Le combat pour l’émancipation des peuples noirs et de leurs descendants n’est pas uniforme. Il prend plusieurs formes, et ses tenants et aboutissants varient également en fonction des sphères dans lesquelles les peuples noirs opprimés se trouvent et du type d’oppression auquel ils sont confrontés.

Il y a près de dix ans, j’ai eu un débat avec un militant afro-américain sur ce que représentait Barack Obama, le premier président afro-descendant des États-Unis.
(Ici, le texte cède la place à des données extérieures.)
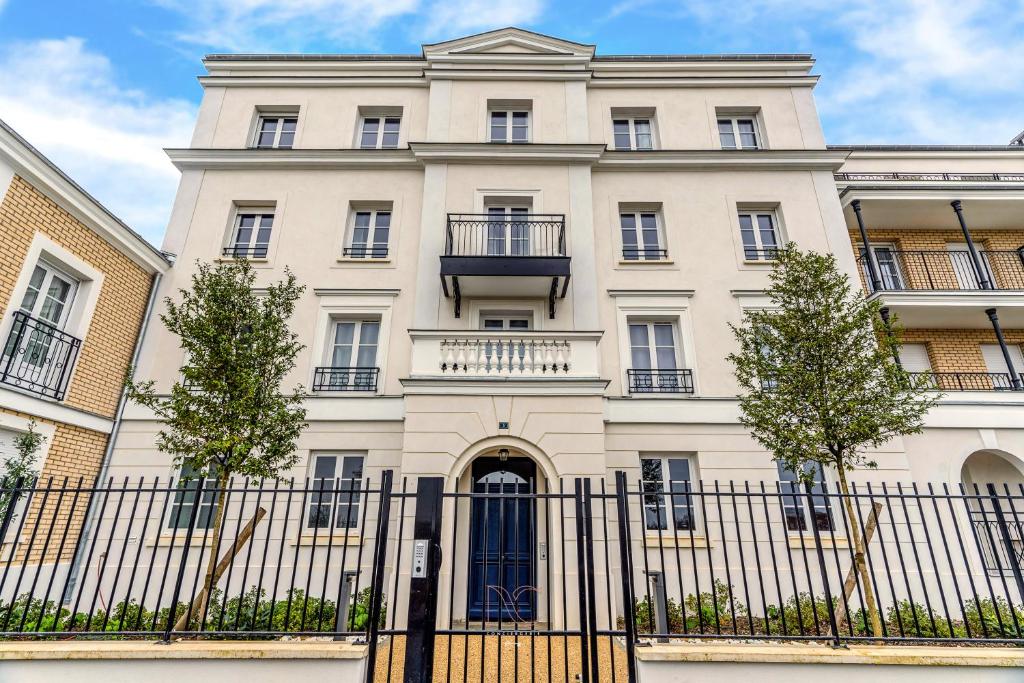 Un edificio blanco con una valla delante. en *DISNEYLAND-SERRIS* Studio Cosy, en Serris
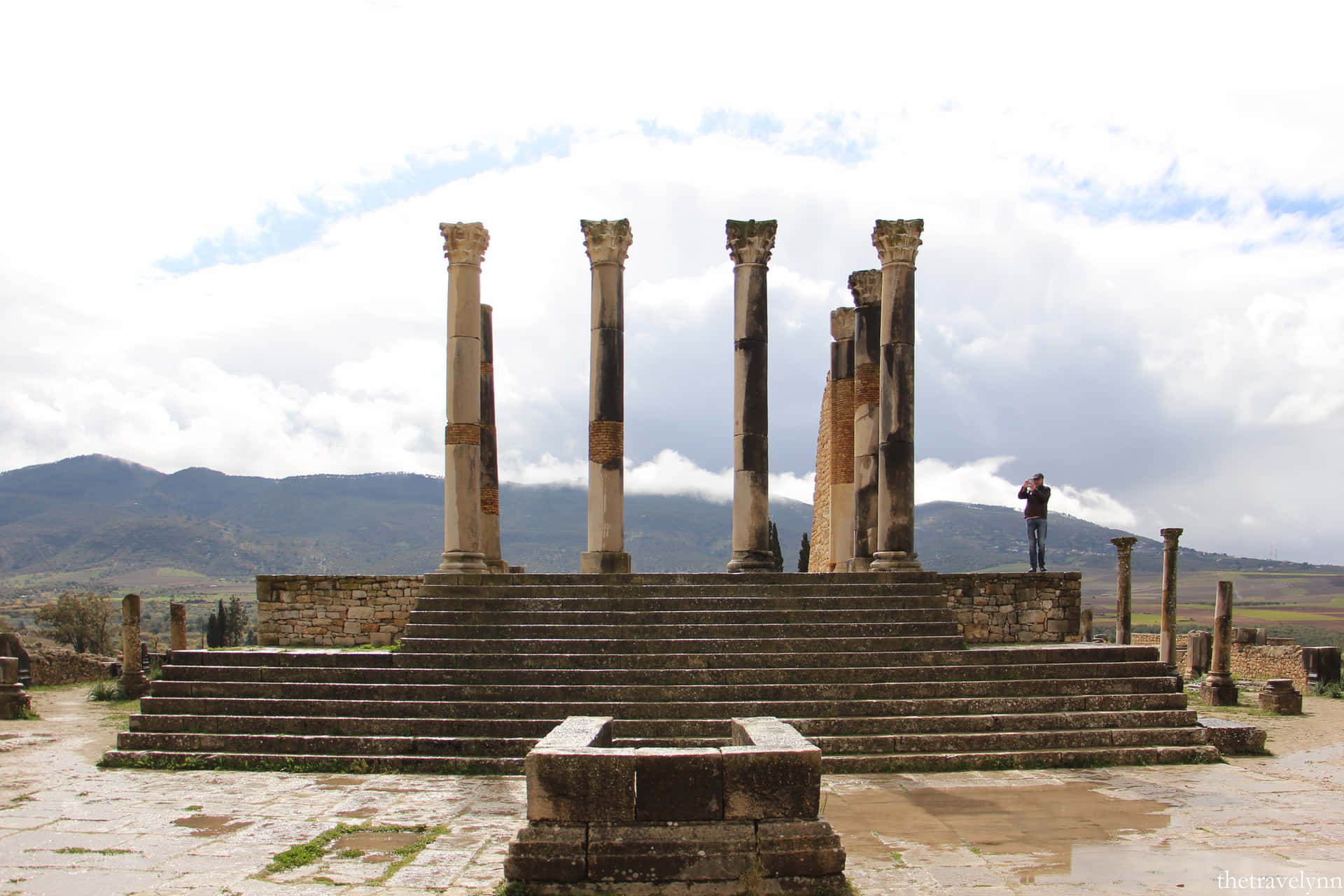 Volubilis 的基座與建築殘跡 壁紙 — 古老石廟遺跡，高柱與寬階聳立於多雲天空與遠山之前。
C’était juste avant la fin de son premier mandat, ou plutôt à la suite de ses positions vis-à-vis de la Côte d’Ivoire et de la Libye en 2011 lorsqu’il s’est rallié à la France pour faire la guerre à des peuples africains, ce qui a confirmé mes appréhensions sur lui. 

Ma position était que l’ascension de Barack Obama à la magistrature suprême aux États-Unis était un non-événement pour nous Africains, car il a joué le rôle du dirigeant américain impérialiste auquel nous sommes habitués avec ses prédécesseurs. 

Le frère afro-américain, bien qu’il compris ma désapprobation   Barack Obama, m’a ouvert les yeux sur un fait dont je n’avais jamais réalisé l’ampleur: la question de la représentativité et le rôle que cela joue sur le psychique d’un peuple. Il m’a fait comprendre que pour nous autres (Africains qui sommes nés en Afrique, avions grandi en Afrique) qui avons et ont connu des chefs africains, des rois africains, des présidents africains dans notre quotidien, sommes soignés par des médecins africains, éduqués par des enseignants africains qui nous ressemblent, nous ne pouvons pas comprendre l’effet que cela fait. Nous sommes loin  d’imaginer ce que cela représente pour eux, les Afro-Américains qui, depuis des dizaines de générations, sont le groupe racial le plus subalterne des Amériques, le groupe le plus marginalisé, le plus humilié et le plus déshumanisé. Ce le groupe surlequel des milliards ont été investis dans des études eugénistes pour prouver « scientifiquement » leurs prétendues déficiences intellectuelles et les réduire au rang d’animaux. Nous africains d’Afrique ne pouvons pas comprendre ce que cela représente pour un tel groupe : les Afro-Américains, d’avoir quelqu’un qui leur ressemble occupant le poste politique le plus important de ce pays qui les a longtemps stigmatisés. Pour eux, cette représentation seule suffit à prouver à tout enfant Afro-américain qu’il peut aussi être président et même si le premier président Noir n’aura pas contribué à grand chose à l’émancipation des Noirs, ce qu’il incarne et représente est déjà une victoire pour eux car ceci permet de démystifier beaucoup de mythes sur les Noirs que les racistes avaient juré ne gouvernerait jamais les états-unis. Pour eux, c’était comme une validation, une forme de qualification qui déconstruit d’abord un mythe. La prochaine étape sera d’avoir un jour un président pas que Noir de peau ou de sang mais d’esprit, de valeurs et de conviction. 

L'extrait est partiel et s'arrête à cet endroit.